ACTIVITY> Once the line containing "复旦大学2024年下半年(第85次)高教自考网上报名安排 复旦大学2024年下半年(第85次)高教自考网上报名安排" is found in the entries below, reproduce it and every line after it, stopping at and including the line containing "Giải đ&aacute;p &yacute;"; reproduce nothing else, and keep each line exact.

MATERIAL PROVIDED>
=== Section Start ===

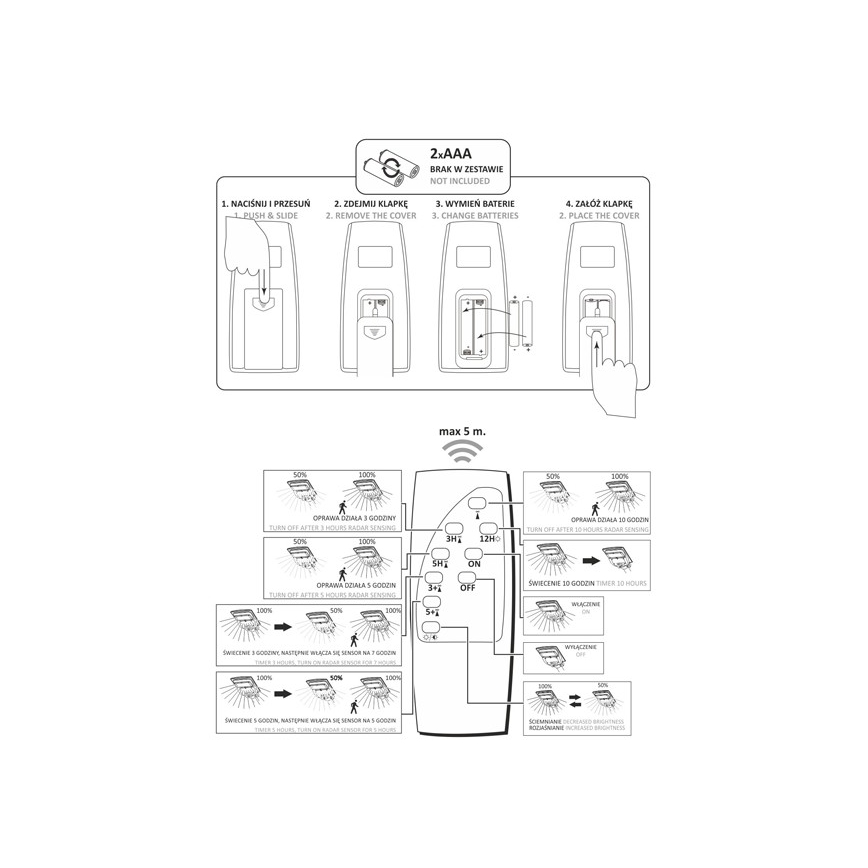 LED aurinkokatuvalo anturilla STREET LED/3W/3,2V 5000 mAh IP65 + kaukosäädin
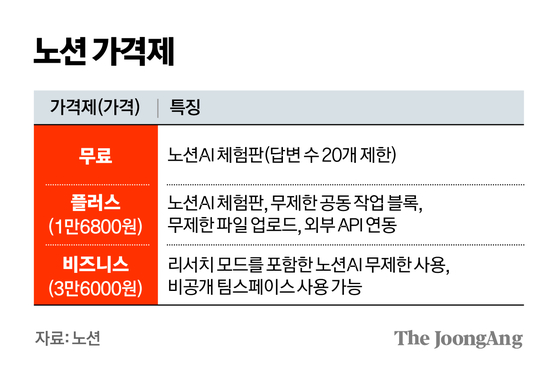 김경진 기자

=== Section End ===
=== Section Start ===

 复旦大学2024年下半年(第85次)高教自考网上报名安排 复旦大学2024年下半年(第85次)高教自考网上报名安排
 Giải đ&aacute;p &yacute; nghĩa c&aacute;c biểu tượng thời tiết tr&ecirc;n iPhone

=== Section End ===
=== Section Start ===

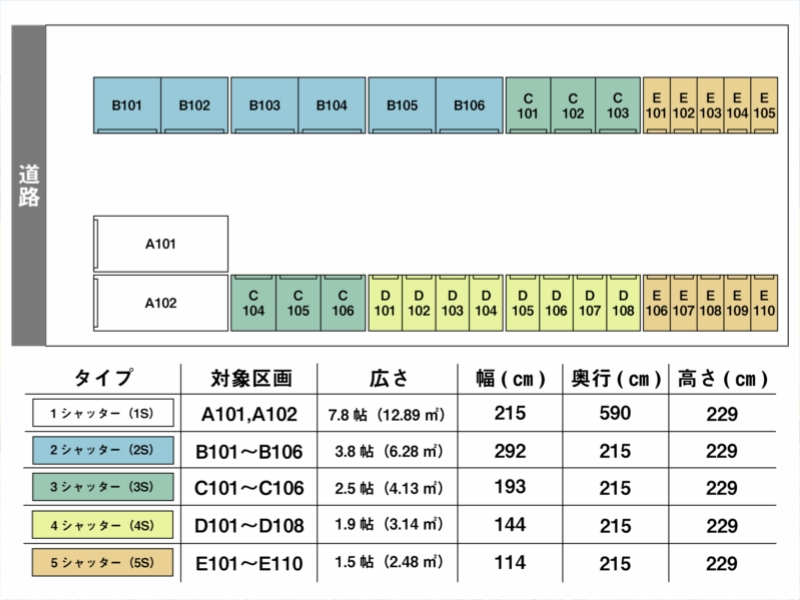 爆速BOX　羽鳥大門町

=== Section End ===

ANSWER BOX>
 复旦大学2024年下半年(第85次)高教自考网上报名安排 复旦大学2024年下半年(第85次)高教自考网上报名安排
 Giải đ&aacute;p &yacute; nghĩa c&aacute;c biểu tượng thời tiết tr&ecirc;n iPhone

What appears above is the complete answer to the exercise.